Space News by Tereza Pultarova — September 13, 2017

Leading launch service providers say emerging companies developing a generation of dedicated small-satellite launchers will struggle to compete in the marketplace and will ultimately lose out to the bigger players.

Speaking at the World Satellite Business Week in Paris Sept. 12, top executives of the world’s five leading launch service providers agreed that the future small-satellite launch market will favor ridesharing and customized services on larger launch vehicles rather than tailored launches by the newcomers.

“At SpaceX, we started with a small launch vehicle,” said SpaceX President and COO Gwynne Shotwell, whose company has launched its Falcon 9 rocket 13 times since last September’s on-pad fueling accident destroyed a Spacecom’s Amos-6 satellite. “We really wanted to make a business of Falcon 1 … we just could not make it work.”

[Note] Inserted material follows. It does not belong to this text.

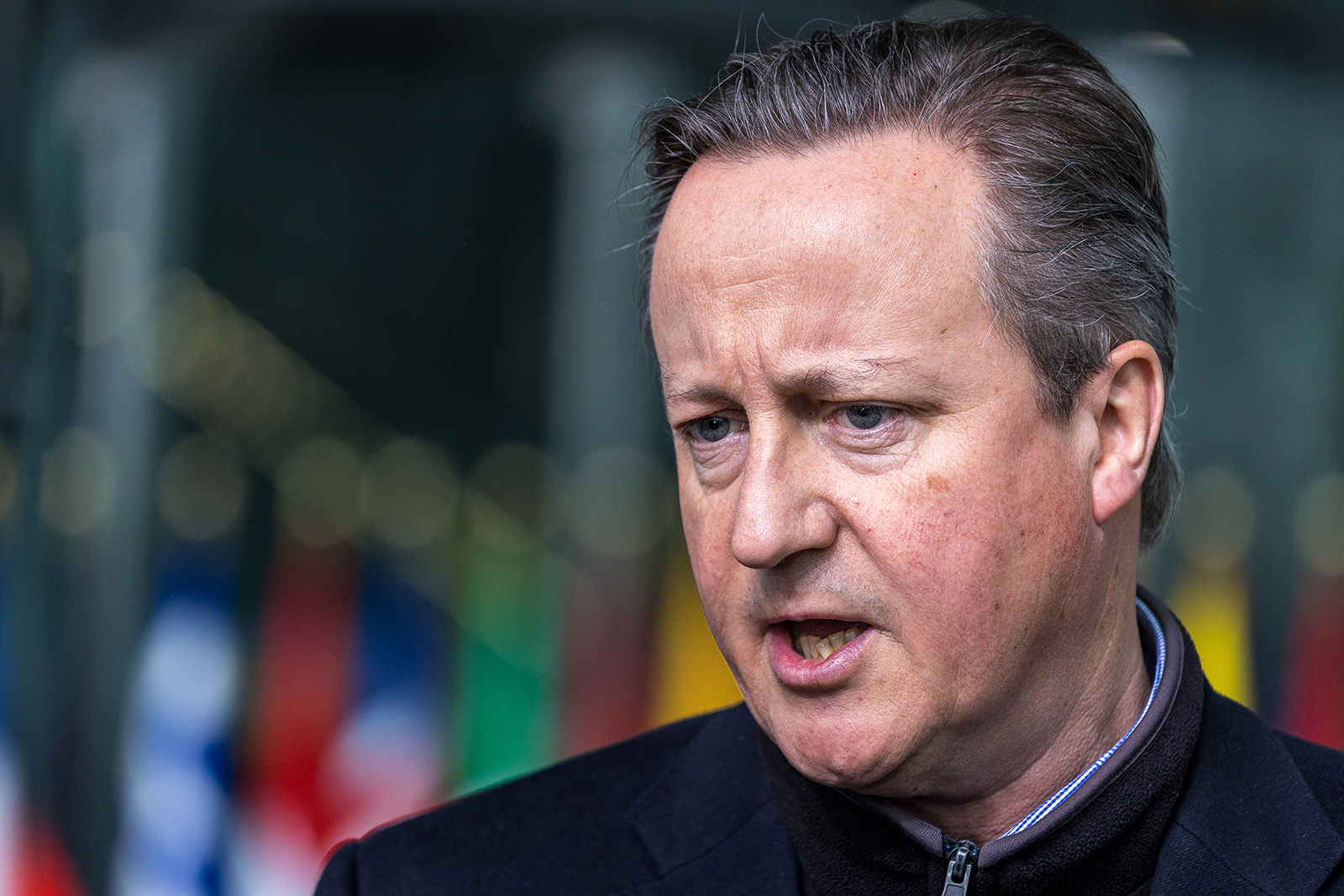 British Foreign Secretary David Cameron speaks to members of the press at NATO headquarters in Brussels, Belgium, on April 3.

United Launch Alliance CEO Tory Bruno, whose company operates the Atlas 5 and Delta 4 rockets for a U.S. government-dominated customer base, said some of the newcomers may initially succeed in the market only to be taken down by the big players later on.

“I think it’s a function of time,” Bruno said. “Initially, they will begin and they will try and service the small satellite launch market. But as that becomes a real market, that attracts the rest of us.  I think the real economics will favor rideshares as a solution so then it flips to the other side.”